Short web captions:
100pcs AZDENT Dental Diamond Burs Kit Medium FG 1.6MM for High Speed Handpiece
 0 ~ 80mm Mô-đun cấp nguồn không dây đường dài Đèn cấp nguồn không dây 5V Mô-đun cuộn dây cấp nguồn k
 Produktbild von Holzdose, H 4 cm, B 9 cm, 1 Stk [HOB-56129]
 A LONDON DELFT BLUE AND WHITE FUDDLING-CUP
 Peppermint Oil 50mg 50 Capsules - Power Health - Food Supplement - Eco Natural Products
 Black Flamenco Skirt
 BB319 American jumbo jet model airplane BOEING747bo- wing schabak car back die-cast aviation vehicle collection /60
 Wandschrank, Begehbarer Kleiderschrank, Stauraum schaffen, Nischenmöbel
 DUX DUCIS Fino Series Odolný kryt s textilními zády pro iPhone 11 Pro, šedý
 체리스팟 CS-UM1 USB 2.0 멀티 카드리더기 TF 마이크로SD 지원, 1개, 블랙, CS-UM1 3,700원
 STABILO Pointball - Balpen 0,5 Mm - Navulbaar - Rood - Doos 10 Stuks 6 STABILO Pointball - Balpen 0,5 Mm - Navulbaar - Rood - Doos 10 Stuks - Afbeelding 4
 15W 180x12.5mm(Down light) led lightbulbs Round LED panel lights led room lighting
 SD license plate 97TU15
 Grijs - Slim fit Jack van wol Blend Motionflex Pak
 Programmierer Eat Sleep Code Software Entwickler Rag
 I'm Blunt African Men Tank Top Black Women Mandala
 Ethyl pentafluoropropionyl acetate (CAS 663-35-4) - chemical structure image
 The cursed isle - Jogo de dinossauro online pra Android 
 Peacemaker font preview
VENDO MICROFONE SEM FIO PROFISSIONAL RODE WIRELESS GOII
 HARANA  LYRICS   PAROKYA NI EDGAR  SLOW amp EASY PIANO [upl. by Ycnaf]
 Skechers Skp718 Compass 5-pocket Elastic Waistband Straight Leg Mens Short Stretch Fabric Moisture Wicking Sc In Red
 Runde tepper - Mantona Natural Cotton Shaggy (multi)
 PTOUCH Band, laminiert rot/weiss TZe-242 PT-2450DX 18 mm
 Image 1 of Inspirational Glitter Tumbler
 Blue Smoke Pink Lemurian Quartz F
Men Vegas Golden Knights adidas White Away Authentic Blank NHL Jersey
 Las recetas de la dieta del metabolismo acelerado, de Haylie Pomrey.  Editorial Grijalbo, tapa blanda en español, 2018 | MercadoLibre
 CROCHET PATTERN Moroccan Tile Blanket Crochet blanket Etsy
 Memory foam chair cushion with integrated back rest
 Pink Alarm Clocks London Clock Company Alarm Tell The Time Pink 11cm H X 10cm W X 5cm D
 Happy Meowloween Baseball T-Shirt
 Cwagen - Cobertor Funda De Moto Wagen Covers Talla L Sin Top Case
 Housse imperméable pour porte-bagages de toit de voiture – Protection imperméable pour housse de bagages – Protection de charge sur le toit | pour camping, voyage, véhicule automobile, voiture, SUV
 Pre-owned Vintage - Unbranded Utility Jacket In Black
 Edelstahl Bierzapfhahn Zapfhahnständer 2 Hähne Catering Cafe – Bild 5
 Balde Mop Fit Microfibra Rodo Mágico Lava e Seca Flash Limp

What the task requires:
Write out word for word every line from the one containing "Pre-owned Vintage - Unbranded" through the last line of the data, and no other line.

Response area:
 Pre-owned Vintage - Unbranded Utility Jacket In Black
 Edelstahl Bierzapfhahn Zapfhahnständer 2 Hähne Catering Cafe – Bild 5
 Balde Mop Fit Microfibra Rodo Mágico Lava e Seca Flash Limp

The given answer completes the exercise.